What version of CSLA are you using?

CSLA ultimately emulates method overloading to find the correct target method to invoke. The Child_XYZ methods accept a params parameter - which is an array.

There's some really tricky behavior around identifying and dealing with array parameters being passed to a params parameter - primarily because the whole params concept doesn't actually exist at the CLR level - it is all compiler magic.

There was a bug in this area at one point, which I believe was fixed, and so 3.8.1 may not have the issue.
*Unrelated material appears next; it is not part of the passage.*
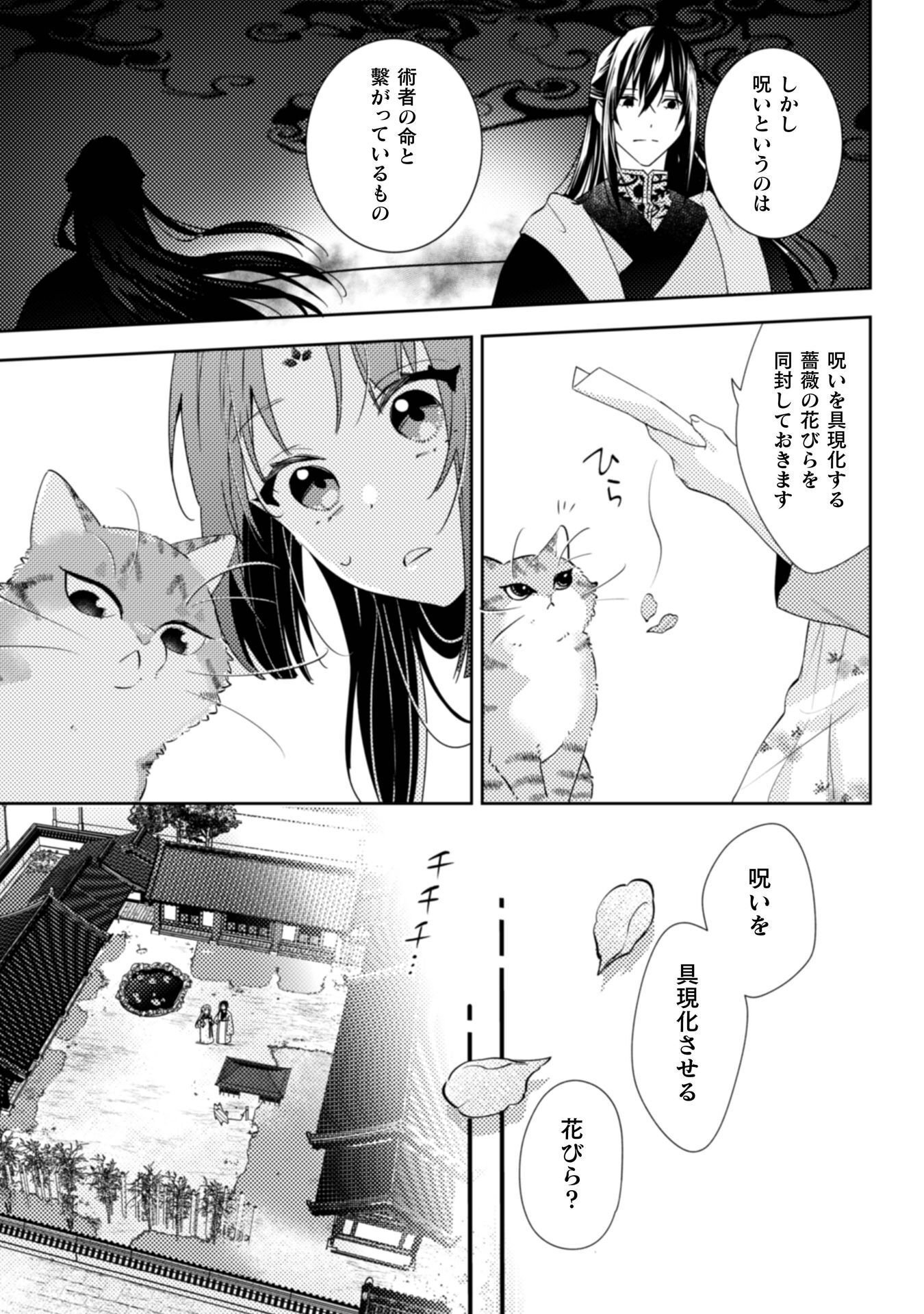 SHICHIJUUNIKOU NO KUNI NO KOUKYUU YAKUZENI ~MINARAI TOUSENNYO DESUGA, MOFU MOFU-TACHI TO OKISAKI-SAMA NO MONDAI WO KAIKETSU SHIMASU~ RAW Chapter 9 - Page 4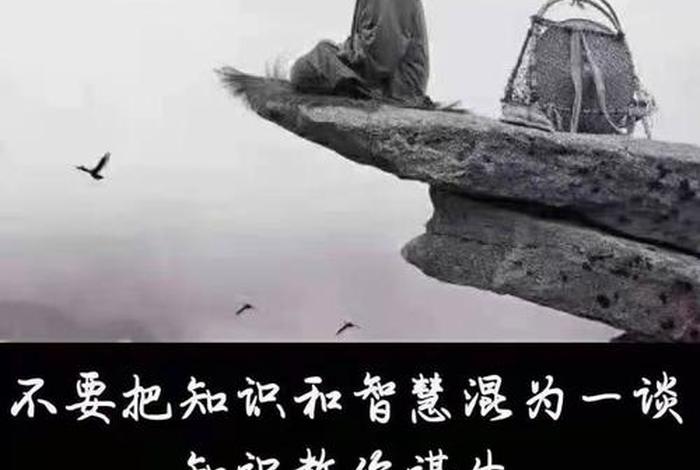 佛学常识念佛经有用吗知乎 佛学常识念佛经有用吗知乎全文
Or 3.8.2? I don't remember when I looked into this.

And of course it is possible you've found another edge case - though your scenario looks familiar, so I think it is the one I fixed.

rxelizondo replied on Tuesday, January 26, 2010

He is right, I was able to reproduce the problem (CSLA 3.8.1)

using System;
using System.IO;
using Csla;

namespace ConsoleApplication1
{
class Program
{
static void Main(string[] args)
{
Foo.FetchChildTest();
Console.Read();
}
}

class Foo : BusinessBase<Foo>
{
public static Foo FetchChildTest()
{
string[] emptyString = new string[0];
return DataPortal.FetchChild<Foo>(emptyString);
}

private void Child_Fetch(string[] ms)
{
Console.WriteLine(ms == null);
}
}
}

RockfordLhotka replied on Tuesday, January 26, 2010

That's unfortunate. As I said, this is tricky code, so I'll have to block out a day or two to go fight with this some more... Looking at my schedule, don't count on any progress for 3-4 weeks at this point :(

I wonder if a workaround would be to wrap the array in a list. Convert it from a value type to a ref type - that might avoid the casting issue.

RockfordLhotka replied on Tuesday, January 26, 2010

As I was watching my younger son's orchestra concert this evening I remembered the reason this was (to my knowledge) unfixable.

  class Program
  {
    static void Main(string[] args)
    {
      Test(null);
      object[] a = null;
      Test(a);
      Console.ReadLine();
    }

    static void Test(params object[] e)
    {
      if (e == null)
        Console.WriteLine("e is null");
      else
        Console.WriteLine(e.GetType().Name);
    }
  }

The output of this test is that both calls to Test() have a null value for e.

The child data portal methods (like Child_Update(), etc) accept a params array just like Test() does here, thus allowing you to pass any parameters you want through to the target method.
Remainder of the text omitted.